Oh man, this is sooo tempting...especially the first two...but I've been so busy this semester that I don't think I could take care of another boy.


----------



## anglnarnld (Aug 27, 2010)

In michigan and can you put them on hold for me


----------



## MMK (Nov 5, 2010)

Hey, I think....I could be WAY off base with this...that I bought a black HM betta from you earlier in the summer. This is just based on your location, that you mentioned you had several when I met you, and the fact that your bettas are all gorgeous!!! Anywho, I would love to buy another, but I'm at my max at this point.

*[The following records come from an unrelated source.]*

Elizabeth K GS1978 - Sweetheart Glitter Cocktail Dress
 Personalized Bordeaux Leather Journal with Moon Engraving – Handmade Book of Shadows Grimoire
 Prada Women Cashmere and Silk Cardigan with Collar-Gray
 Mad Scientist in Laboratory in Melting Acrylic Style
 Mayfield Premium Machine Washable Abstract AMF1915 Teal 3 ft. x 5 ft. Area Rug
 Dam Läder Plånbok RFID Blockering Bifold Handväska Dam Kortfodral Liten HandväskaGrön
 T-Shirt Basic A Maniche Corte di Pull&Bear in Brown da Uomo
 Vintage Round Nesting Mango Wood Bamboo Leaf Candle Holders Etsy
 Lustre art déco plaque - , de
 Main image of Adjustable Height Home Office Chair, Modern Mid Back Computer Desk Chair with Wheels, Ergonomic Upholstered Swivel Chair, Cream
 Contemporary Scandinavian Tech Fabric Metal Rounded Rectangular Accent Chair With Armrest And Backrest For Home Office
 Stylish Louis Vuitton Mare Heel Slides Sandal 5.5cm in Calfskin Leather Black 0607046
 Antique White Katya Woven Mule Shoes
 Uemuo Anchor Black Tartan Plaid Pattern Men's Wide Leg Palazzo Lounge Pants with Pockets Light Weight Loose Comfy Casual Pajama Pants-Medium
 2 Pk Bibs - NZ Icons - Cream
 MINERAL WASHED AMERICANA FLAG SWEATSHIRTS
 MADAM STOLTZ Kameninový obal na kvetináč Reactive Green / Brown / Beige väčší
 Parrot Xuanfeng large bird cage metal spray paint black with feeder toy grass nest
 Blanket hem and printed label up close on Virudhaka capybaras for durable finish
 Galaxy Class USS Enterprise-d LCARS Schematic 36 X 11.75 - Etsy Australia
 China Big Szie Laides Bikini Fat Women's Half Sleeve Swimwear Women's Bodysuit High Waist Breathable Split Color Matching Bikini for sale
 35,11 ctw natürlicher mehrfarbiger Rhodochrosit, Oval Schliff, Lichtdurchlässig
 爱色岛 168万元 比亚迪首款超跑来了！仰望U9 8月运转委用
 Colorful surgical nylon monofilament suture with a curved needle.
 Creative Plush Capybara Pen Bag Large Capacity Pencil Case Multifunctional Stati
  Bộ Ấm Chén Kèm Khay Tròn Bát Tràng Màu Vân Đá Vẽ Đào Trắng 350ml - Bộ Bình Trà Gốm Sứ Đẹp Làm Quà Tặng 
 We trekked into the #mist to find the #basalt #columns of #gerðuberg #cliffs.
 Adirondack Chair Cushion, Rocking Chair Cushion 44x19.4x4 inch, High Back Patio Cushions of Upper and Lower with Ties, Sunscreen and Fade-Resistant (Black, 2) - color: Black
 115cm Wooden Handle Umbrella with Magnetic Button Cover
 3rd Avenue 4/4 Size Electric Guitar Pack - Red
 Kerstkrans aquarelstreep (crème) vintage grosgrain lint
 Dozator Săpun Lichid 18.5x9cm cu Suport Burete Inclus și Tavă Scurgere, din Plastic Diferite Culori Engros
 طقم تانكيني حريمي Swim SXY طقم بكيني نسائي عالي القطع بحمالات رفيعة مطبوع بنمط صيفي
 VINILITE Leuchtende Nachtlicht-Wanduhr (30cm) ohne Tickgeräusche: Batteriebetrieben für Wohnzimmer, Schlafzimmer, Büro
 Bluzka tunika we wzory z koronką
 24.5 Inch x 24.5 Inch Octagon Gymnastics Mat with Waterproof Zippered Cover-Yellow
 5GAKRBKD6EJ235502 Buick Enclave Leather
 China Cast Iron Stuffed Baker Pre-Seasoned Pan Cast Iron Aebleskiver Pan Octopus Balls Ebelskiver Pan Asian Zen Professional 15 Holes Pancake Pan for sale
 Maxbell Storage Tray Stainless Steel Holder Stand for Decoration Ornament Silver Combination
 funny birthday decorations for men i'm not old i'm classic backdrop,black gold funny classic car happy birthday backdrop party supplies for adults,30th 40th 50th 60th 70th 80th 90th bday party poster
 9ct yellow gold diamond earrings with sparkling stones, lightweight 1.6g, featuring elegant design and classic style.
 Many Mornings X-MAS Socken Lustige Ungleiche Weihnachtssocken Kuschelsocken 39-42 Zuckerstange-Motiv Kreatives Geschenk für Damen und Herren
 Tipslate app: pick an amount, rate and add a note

If it was you, thanks SO much! I just love him and it was a great opportunity to buy a beautiful betta.


----------



## animallover4lyfe (Jul 7, 2010)

Omg? Lol black Hm with green tint to him? Off kijiji no?


----------



## MMK (Nov 5, 2010)

Yup, that was the one!! This is too funny!


----------



## animallover4lyfe (Jul 7, 2010)

Omg Hahahha!!! This is too funny!! And no problem!!! Im glad he got a good home! How's he doing?!


----------



## MMK (Nov 5, 2010)

Really good. He is a very active little guy! I have him in a 5 gallon and he tears around it! Thanks again! I can't believe I found you on here, small world. You have lovely bettas btw!


----------



## animallover4lyfe (Jul 7, 2010)

Awww That's so good to hear! I would love to see pictures  I know small world eh i only joined here by accident finding it on google I think? Lol and thank you!!! I have so many Bettas it's insane lol


----------



## MMK (Nov 5, 2010)

haha! I have a couple shots in my photo thread that is just down the page!


----------



## bettabreeder123 (Nov 7, 2010)

yo i am in newjersy and i think i am willing to buy the RCTM (red crowntail male)


----------